Holder continuous of order 1/n: Let n be in N and define f(x

[dopey9]

Let n in N and define f : [−1, 1] -> R as f(x) = |x|^(1/n), for x in [−1, 1].

I want to show that f is Holder continuous of order 1/n

 

[marcmtlca]

you didnt comment as to my help on the other question. was it correct?

 

[dopey9]

you didnt comment as to my help on the other question. was it correct?
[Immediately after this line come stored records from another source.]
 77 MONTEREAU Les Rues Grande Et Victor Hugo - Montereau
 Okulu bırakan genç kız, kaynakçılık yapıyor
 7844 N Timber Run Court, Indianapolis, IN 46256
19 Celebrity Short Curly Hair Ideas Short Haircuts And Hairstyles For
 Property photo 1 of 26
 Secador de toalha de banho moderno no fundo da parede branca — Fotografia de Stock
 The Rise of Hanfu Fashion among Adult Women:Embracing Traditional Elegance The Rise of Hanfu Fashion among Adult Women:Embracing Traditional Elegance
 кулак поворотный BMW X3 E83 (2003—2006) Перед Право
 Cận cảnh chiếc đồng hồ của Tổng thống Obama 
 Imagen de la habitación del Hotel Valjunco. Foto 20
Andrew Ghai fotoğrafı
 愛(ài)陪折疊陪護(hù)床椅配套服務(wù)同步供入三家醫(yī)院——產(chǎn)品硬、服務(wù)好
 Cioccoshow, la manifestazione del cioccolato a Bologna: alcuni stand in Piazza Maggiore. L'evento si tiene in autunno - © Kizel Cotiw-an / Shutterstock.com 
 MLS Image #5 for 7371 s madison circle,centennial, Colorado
Sorry about that: Yes, it worked. Thank you!

 

[dopey9]

can anyone asnwer this?

is any one able to answer this question

 

[pka]

Re: can anyone asnwer this?

is any one able to answer this question

This may come as a great surprise to you but “Holder continuous” is not a widely known concept. In fact, I have spent a lifetime studying real analysis and have never seen it. I have probability seventy textbooks on analysis and it is in none of them I can find. Holder Inequality is widely used in integration theory.
That is why you have gotten no responses.

 

[dopey9]

Re: can anyone asnwer this?

is any one able to answer this question

This may come as a great surprise to you but “Holder continuous” is not a widely known concept. In fact, I have spent a lifetime studying real analysis and have never seen it. I have probability seventy textbooks on analysis and it is in none of them I can find. Holder Inequality is widely used in integration theory.
That why you have gotten no responses.

alright then no worries thankz